Sorry if this has already been covered...

I have the X3 live and whenever i record a death metal style tone via USB into audacity, my tone comes out muddy, fuzzy and incoherent. 

My clean sounds are completely fine and sound great, its just when we get to the METAL! that it goes balls up! 

i dont know what other info i can give you other than whether im using the Powerball, the 5150 etc whichever metal tone, death metal or 
MeCHUG CHUG CHUGah, i get muddy tonez! 

Im a bit of noob when it comes to recording so please ask me questions because i myself am not too sure what to tell you!

thanks in advance


----------



## Variant

Colbear said:


> Line 6
> 
> The deal is going until 2/28. Might have to jump on that, I've had my podxt forever and never did get the model packs.
> 
> How is the bass expansion? It takes me FOREVER to dial in a slightly-better-than-shit bass tone with the regular amp models, I'm guessing this will make it easier?



 Bass pack essential. X3 gen stuff rules for bass as well because "dual tone" = biamping.


----------



## mnemonic

i'm not the biggest fan of the bass pack. cabs are cool, but for recording bass i always go back to the jazz chorus guitar model with the compressor, and then turn off the cab model and run it into some random ampeg cab impulse i found online. then i shelf most everything above around 1000hz i think, and compress the hell out of it.



techdeathdaddy said:


> Sorry if this has already been covered...
> 
> I have the X3 live and whenever i record a death metal style tone via USB into audacity, my tone comes out muddy, fuzzy and incoherent.
> 
> My clean sounds are completely fine and sound great, its just when we get to the METAL! that it goes balls up!
> 
> i dont know what other info i can give you other than whether im using the Powerball, the 5150 etc whichever metal tone, death metal or
> MeCHUG CHUG CHUGah, i get muddy tonez!
> 
> Im a bit of noob when it comes to recording so please ask me questions because i myself am not too sure what to tell you!
> 
> thanks in advance



the pod usually takes a fair amount of eq'ing to get it to sound good in a mix. also dont forget to doubletrack it and pan it left and right, thats essential to getting a distorted recording to sound any good. 

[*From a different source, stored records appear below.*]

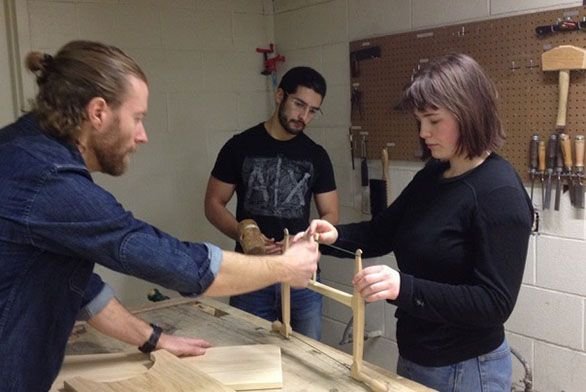 St Johns College students woodshop 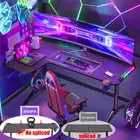 One Piece Tabletop Design Ultra Sturdy Corner Gaming Desk Computer Racer Table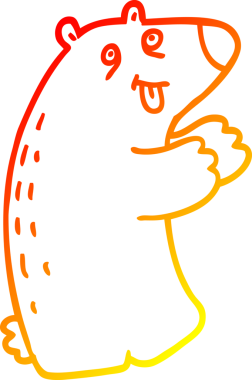 Bir insan tarafından çizilmiş bir kutup ayısının sıcak çizgi çizimi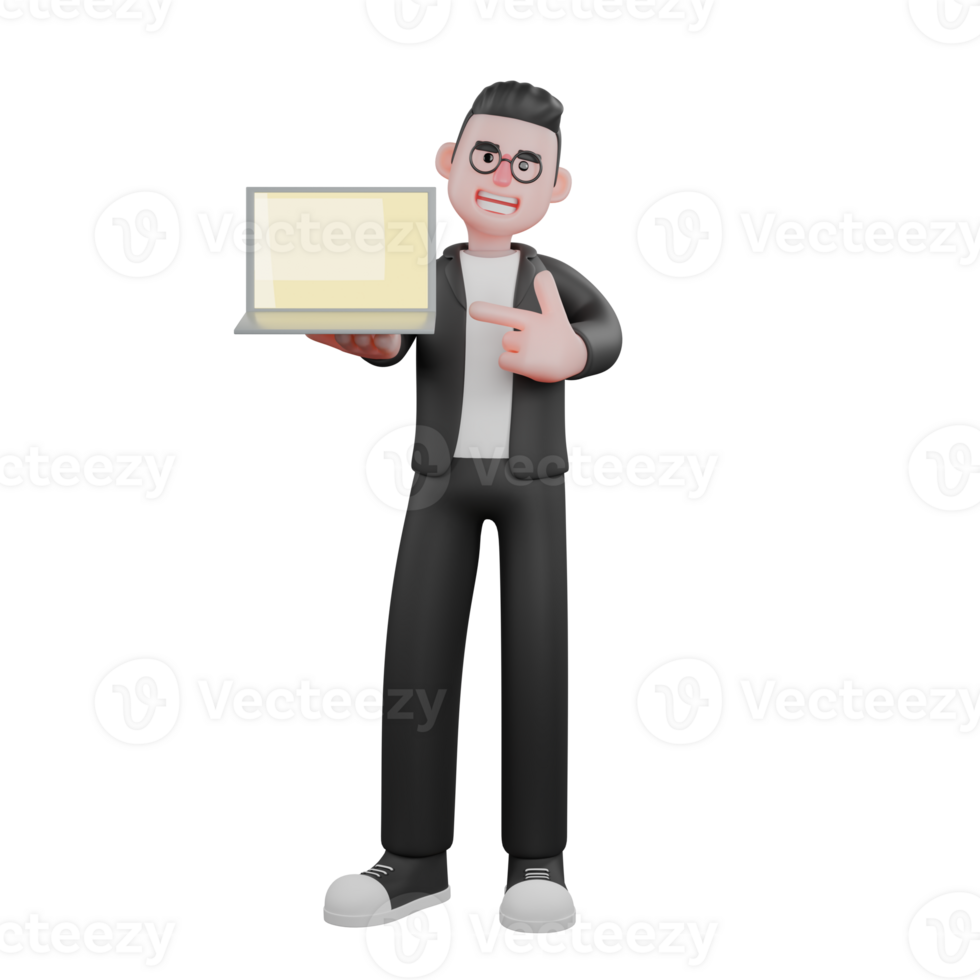 3D Model of Cartoon Editor. A male editor is standing holding a laptop in his right hand while his left hand is pointing at the laptop. Content Management Expert png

usually in post production, i'll get a parametric eq, and pass off everything above about 11k or 12k, and then everything below 50hz. then with the eq i mess around with it to make it sound less thin by boosting a bit around 300ish hz.

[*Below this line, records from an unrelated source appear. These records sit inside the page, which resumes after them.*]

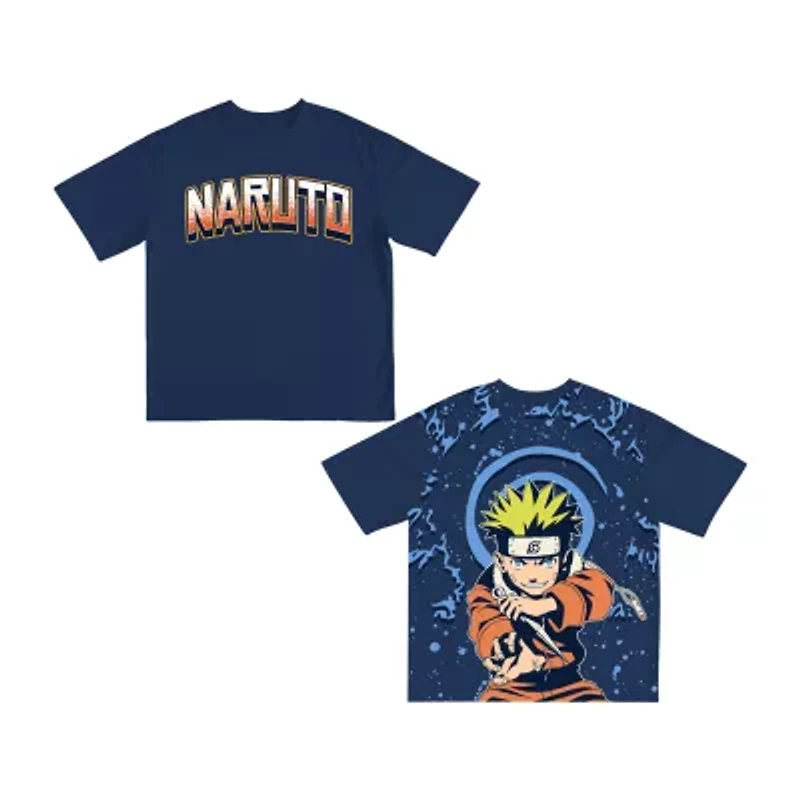 Little & Big Kid Boys Crew Neck Short Sleeve Oversized Naruto Graphic T-Shirt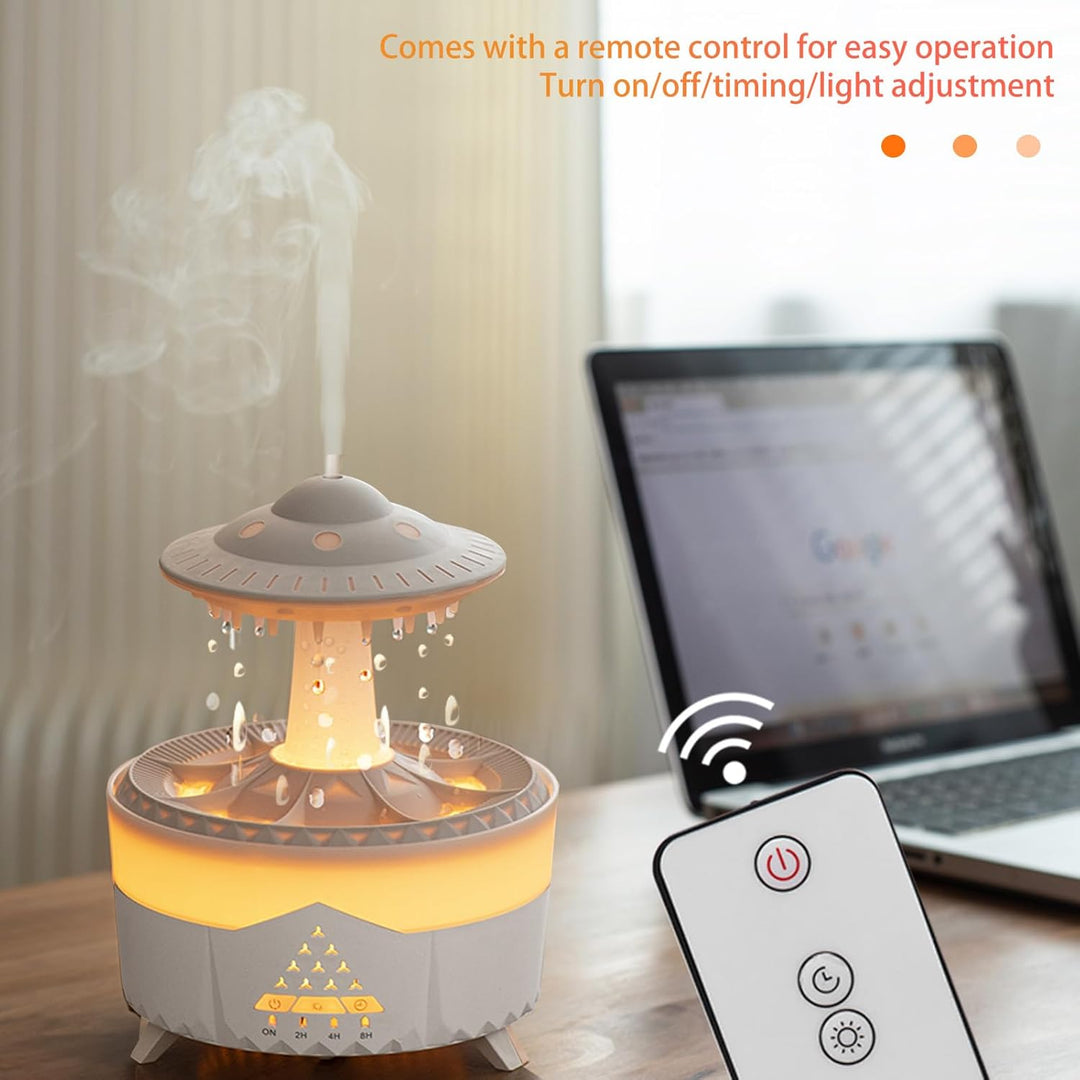 Regenwolken Luftbefeuchter und Diffusor,Luftbefeuchter mit Fernbedienung,7 Farben LED Aromatherapie
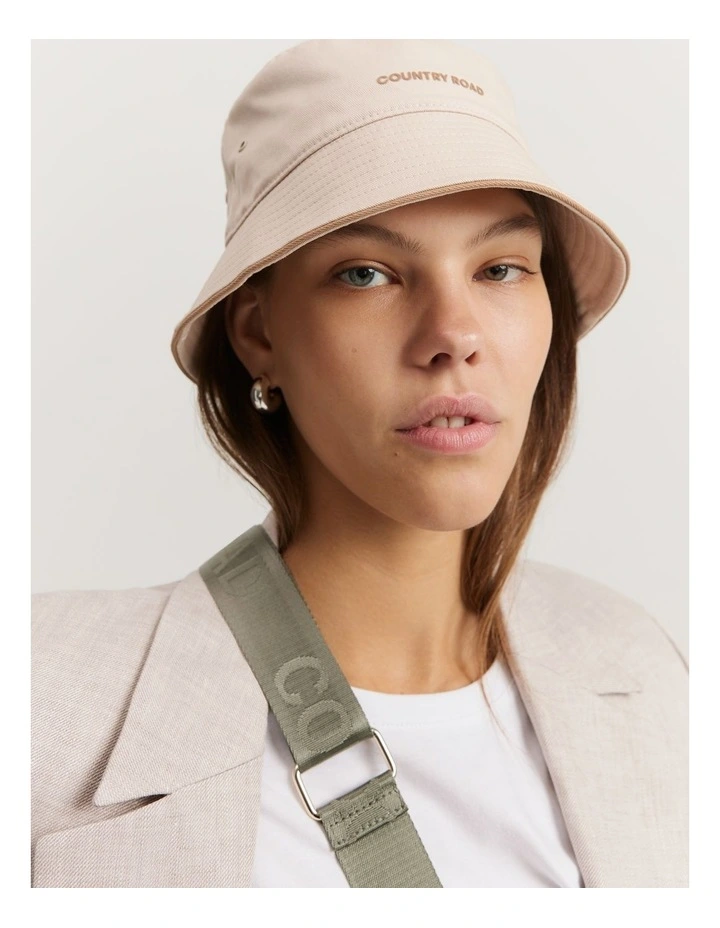 Branded Bucket Hat in Natural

also, i dunnno about other people, but i never found a usable tone with the powerball model. the 5150 model is cool, but i never really liked the way it recorded. i've always been a big fan of the big bottom model with the mids boosted way up (like 88&#37; to 100%) and then with a wide mid boost with a parametric eq in post production.


----------



## Stealthdjentstic

techdeathdaddy said:


> Sorry if this has already been covered...
> 
> I have the X3 live and whenever i record a death metal style tone via USB into audacity, my tone comes out muddy, fuzzy and incoherent.
> 
> My clean sounds are completely fine and sound great, its just when we get to the METAL! that it goes balls up!
> 
> i dont know what other info i can give you other than whether im using the Powerball, the 5150 etc whichever metal tone, death metal or
> MeCHUG CHUG CHUGah, i get muddy tonez!
> 
> Im a bit of noob when it comes to recording so please ask me questions because i myself am not too sure what to tell you!
> 
> thanks in advance



I basically have the same issue 

I even made a thread about it a few months ago..

http://www.sevenstring.org/forum/ge...g-a-good-distorted-sound-out-of-a-pod-xt.html

It has some good info on getting rid of fuzz etc..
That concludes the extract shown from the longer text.